### TO DO
Leave out the pictures, then output the lines of the records below from the first through the one containing "Kuhl Wool Blend".

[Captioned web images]
▶

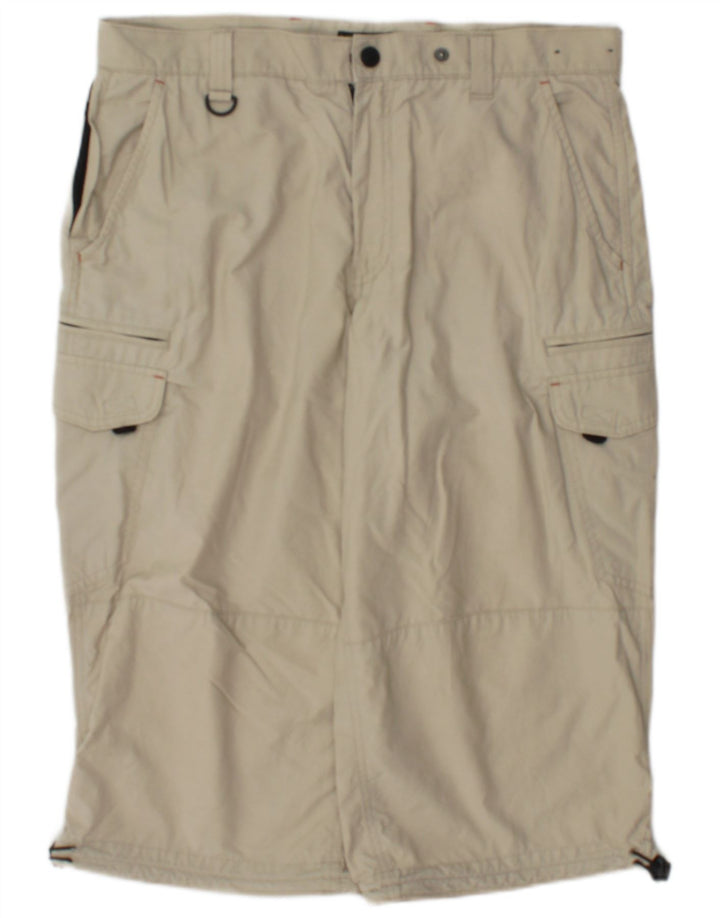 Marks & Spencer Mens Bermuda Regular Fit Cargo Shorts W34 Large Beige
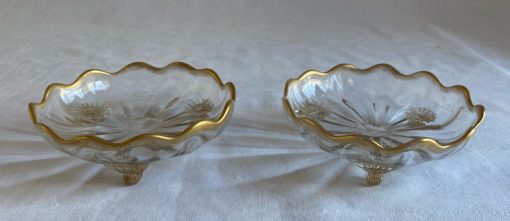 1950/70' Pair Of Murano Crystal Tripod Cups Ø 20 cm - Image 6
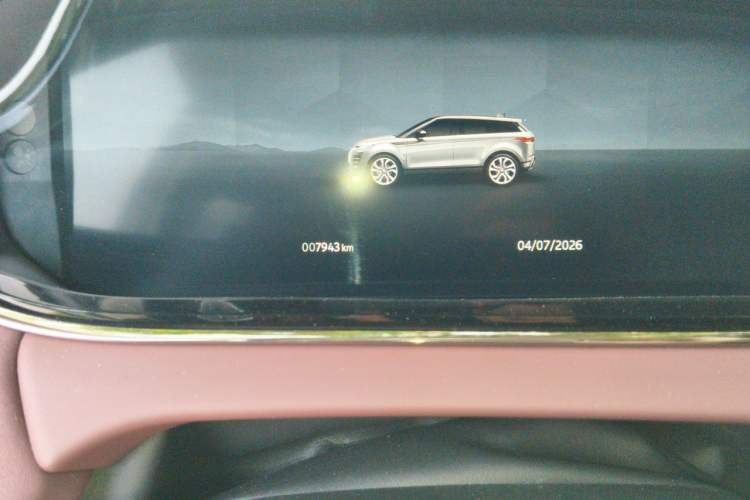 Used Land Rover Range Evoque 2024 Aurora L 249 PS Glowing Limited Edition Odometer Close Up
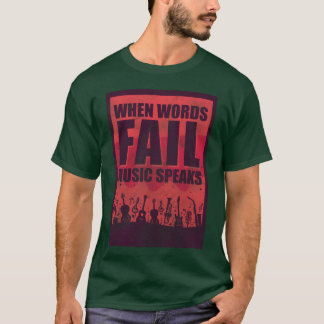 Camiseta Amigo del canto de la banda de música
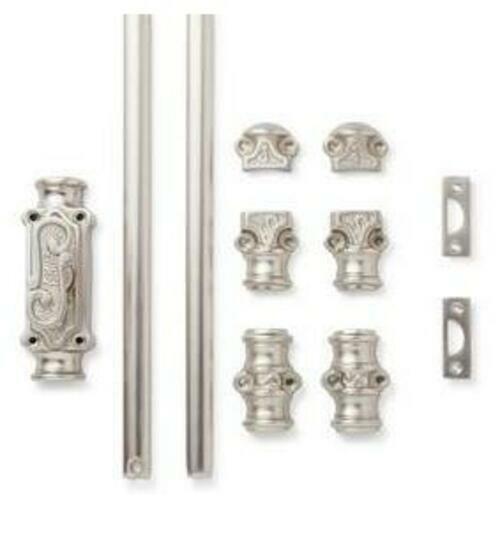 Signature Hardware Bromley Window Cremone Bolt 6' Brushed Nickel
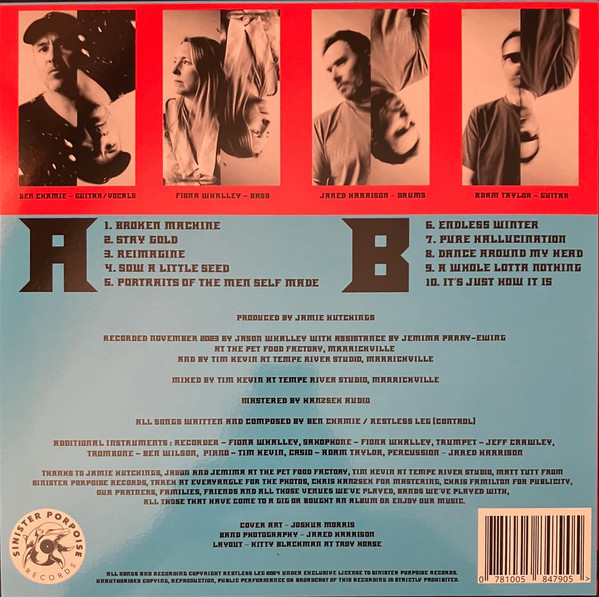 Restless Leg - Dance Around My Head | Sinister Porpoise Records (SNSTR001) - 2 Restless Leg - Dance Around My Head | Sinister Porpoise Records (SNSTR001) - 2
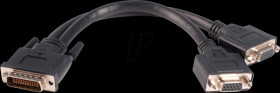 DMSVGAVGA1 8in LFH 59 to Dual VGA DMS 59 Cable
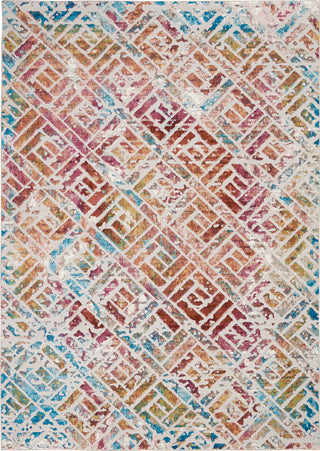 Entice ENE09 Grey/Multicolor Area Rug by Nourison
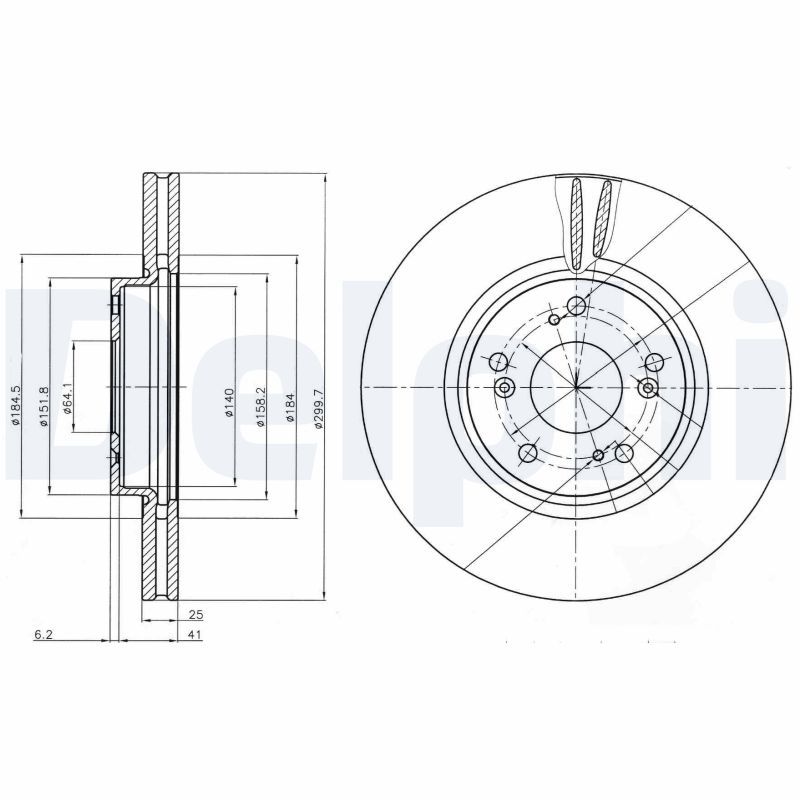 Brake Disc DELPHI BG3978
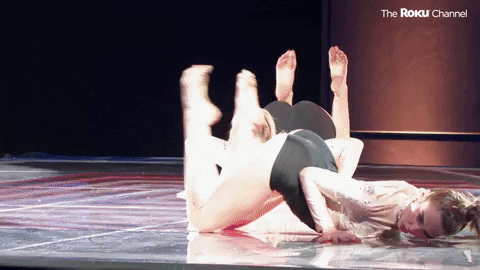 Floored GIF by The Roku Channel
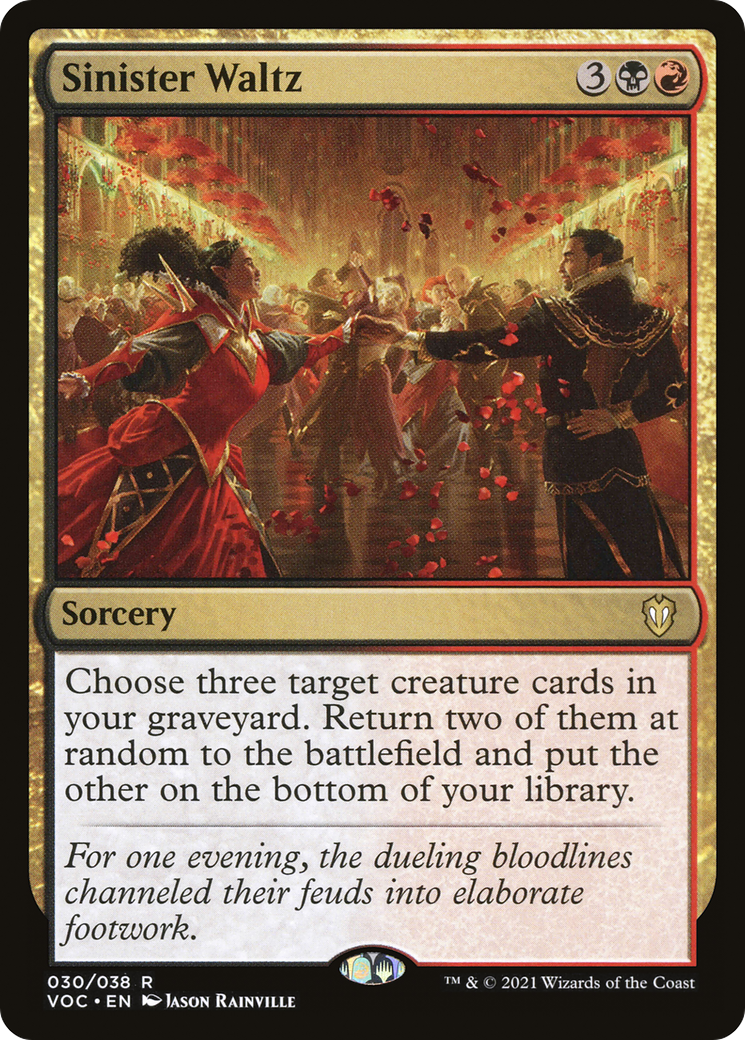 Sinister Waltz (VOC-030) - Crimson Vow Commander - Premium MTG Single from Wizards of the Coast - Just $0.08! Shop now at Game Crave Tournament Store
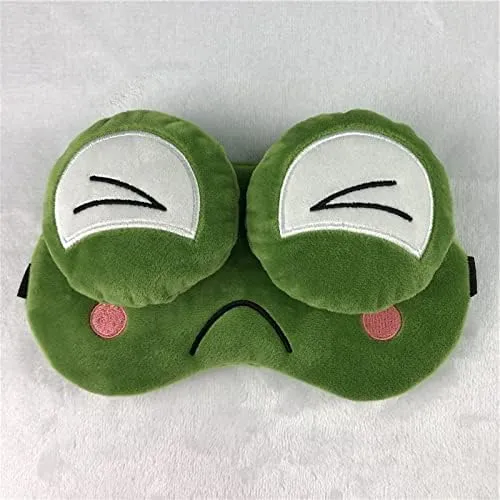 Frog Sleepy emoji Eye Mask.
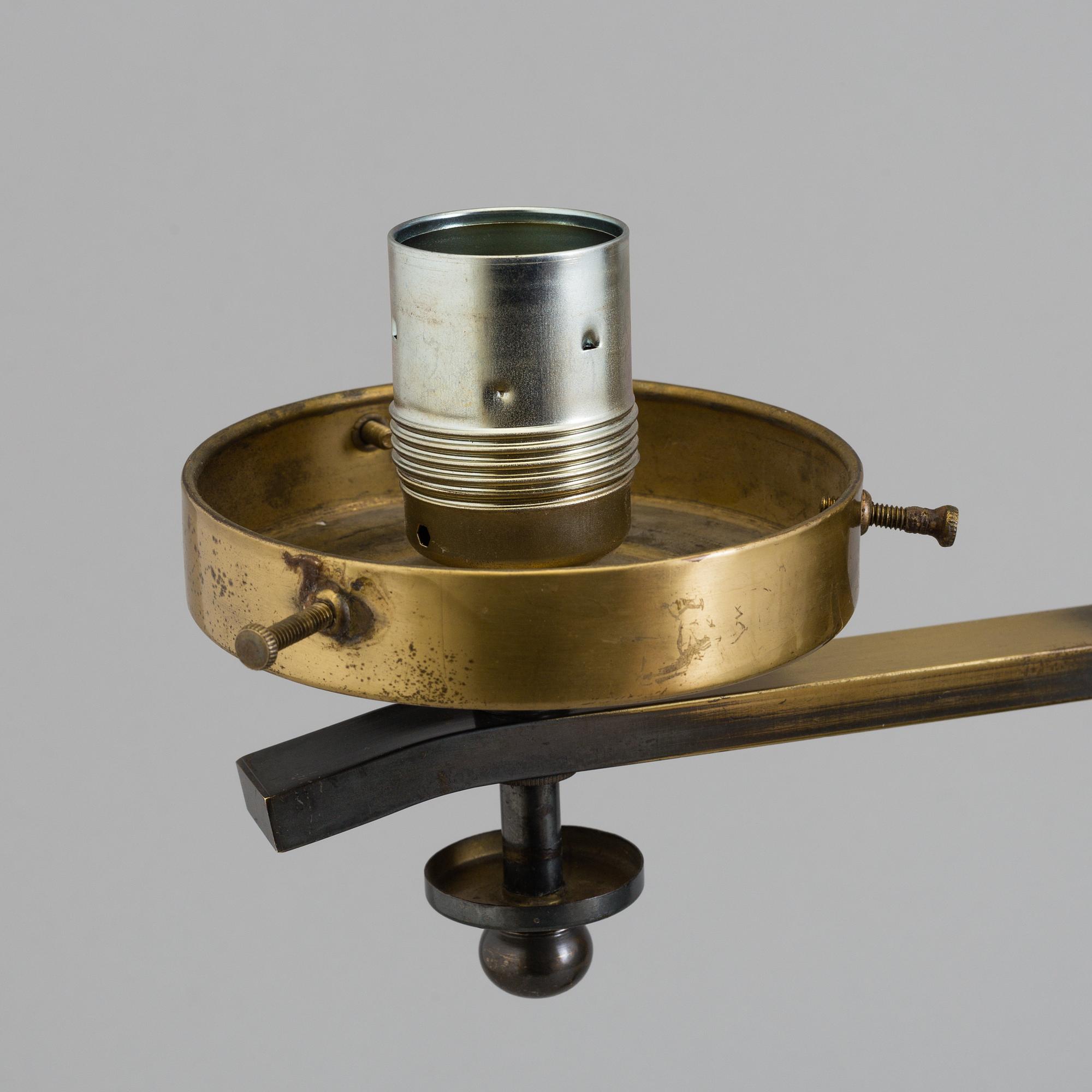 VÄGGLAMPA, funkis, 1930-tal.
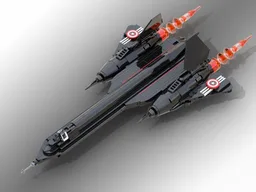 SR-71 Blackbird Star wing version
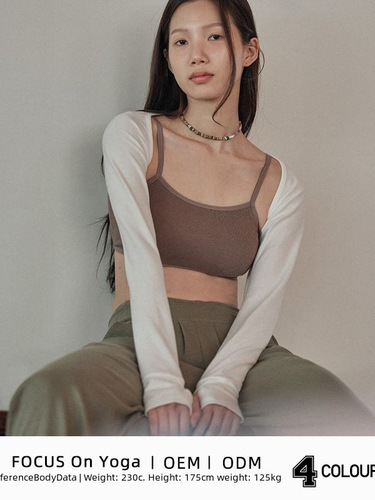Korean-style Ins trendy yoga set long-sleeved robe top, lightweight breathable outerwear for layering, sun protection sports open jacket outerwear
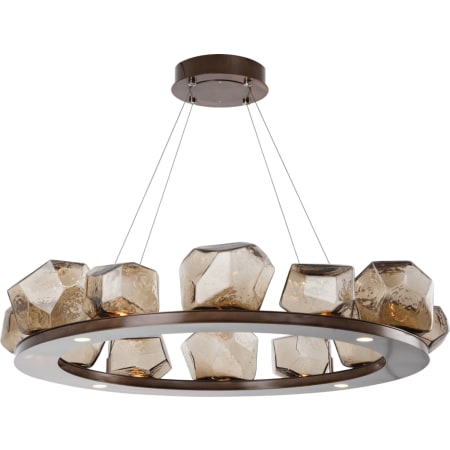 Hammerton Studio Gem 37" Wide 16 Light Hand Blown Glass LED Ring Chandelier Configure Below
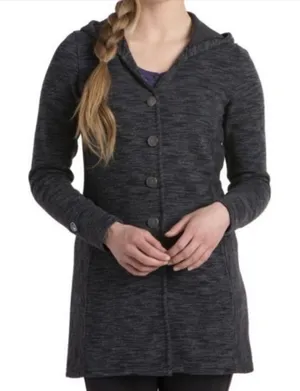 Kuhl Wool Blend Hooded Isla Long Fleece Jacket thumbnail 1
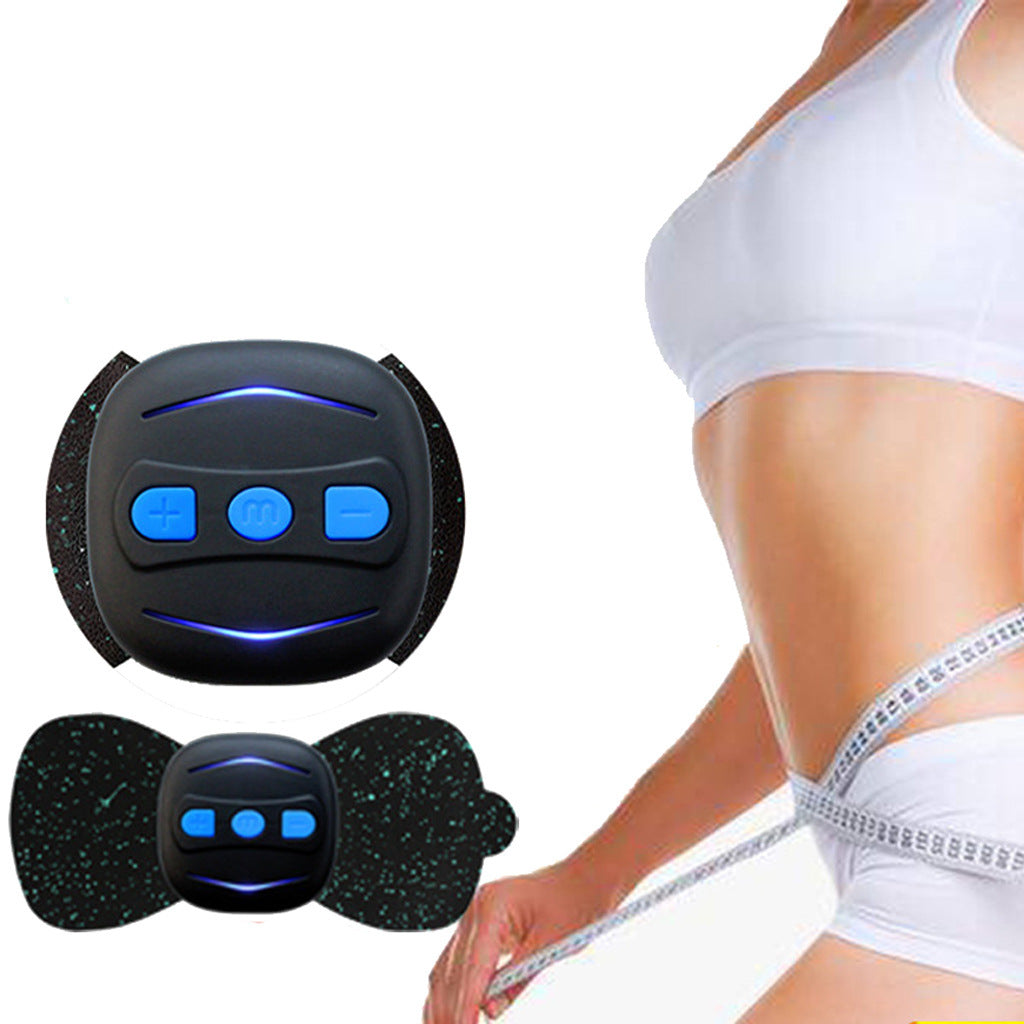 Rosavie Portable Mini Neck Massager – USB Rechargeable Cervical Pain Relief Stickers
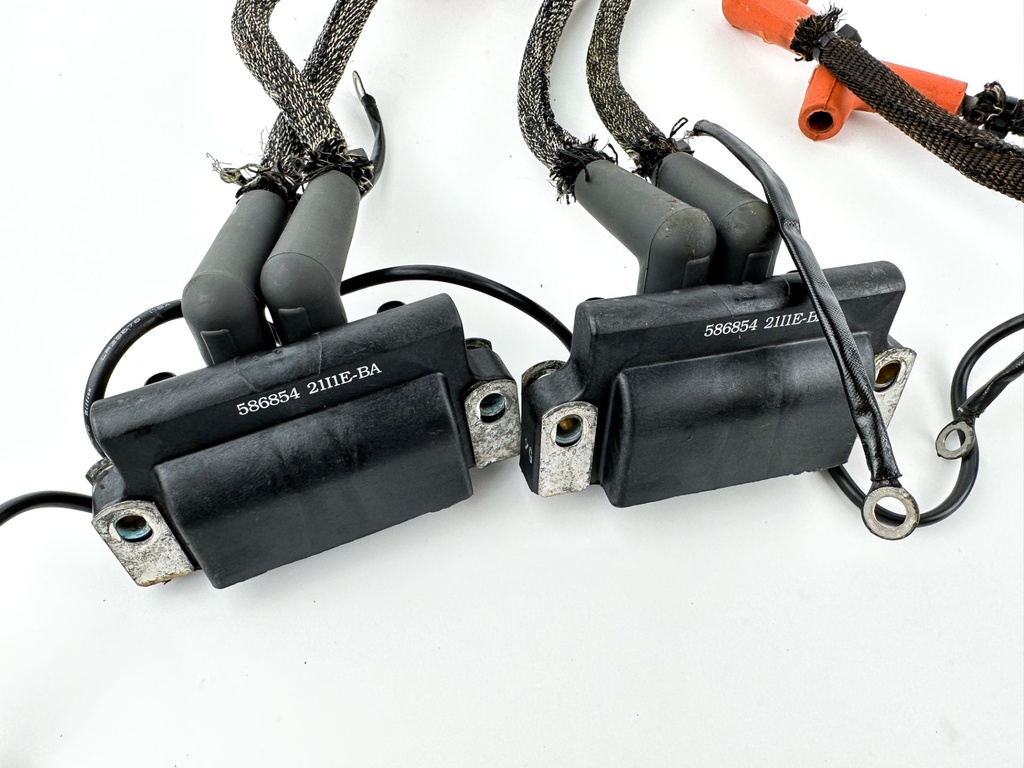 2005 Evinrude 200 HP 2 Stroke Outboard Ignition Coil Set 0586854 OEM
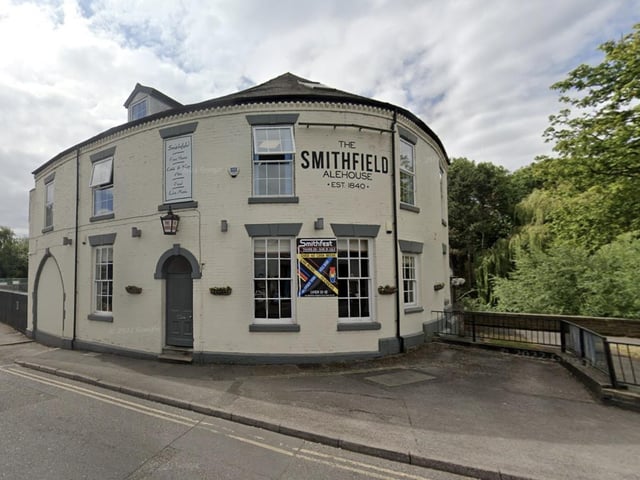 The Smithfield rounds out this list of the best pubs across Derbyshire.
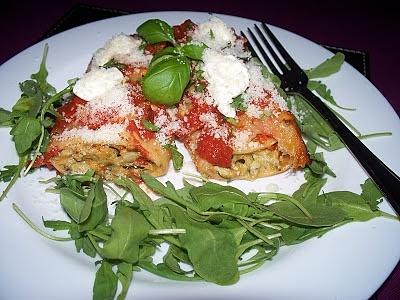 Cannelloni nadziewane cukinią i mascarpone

◀

### EXERCISE SOLUTION
 Marks & Spencer Mens Bermuda Regular Fit Cargo Shorts W34 Large Beige
 1950/70' Pair Of Murano Crystal Tripod Cups Ø 20 cm - Image 6
 Used Land Rover Range Evoque 2024 Aurora L 249 PS Glowing Limited Edition Odometer Close Up
 Camiseta Amigo del canto de la banda de música
 Signature Hardware Bromley Window Cremone Bolt 6' Brushed Nickel
 Restless Leg - Dance Around My Head | Sinister Porpoise Records (SNSTR001) - 2 Restless Leg - Dance Around My Head | Sinister Porpoise Records (SNSTR001) - 2
 DMSVGAVGA1 8in LFH 59 to Dual VGA DMS 59 Cable
 Entice ENE09 Grey/Multicolor Area Rug by Nourison
 Brake Disc DELPHI BG3978
 Floored GIF by The Roku Channel
 Sinister Waltz (VOC-030) - Crimson Vow Commander - Premium MTG Single from Wizards of the Coast - Just $0.08! Shop now at Game Crave Tournament Store
 Frog Sleepy emoji Eye Mask.
 VÄGGLAMPA, funkis, 1930-tal.
 SR-71 Blackbird Star wing version
Korean-style Ins trendy yoga set long-sleeved robe top, lightweight breathable outerwear for layering, sun protection sports open jacket outerwear
 Hammerton Studio Gem 37" Wide 16 Light Hand Blown Glass LED Ring Chandelier Configure Below
 Kuhl Wool Blend Hooded Isla Long Fleece Jacket thumbnail 1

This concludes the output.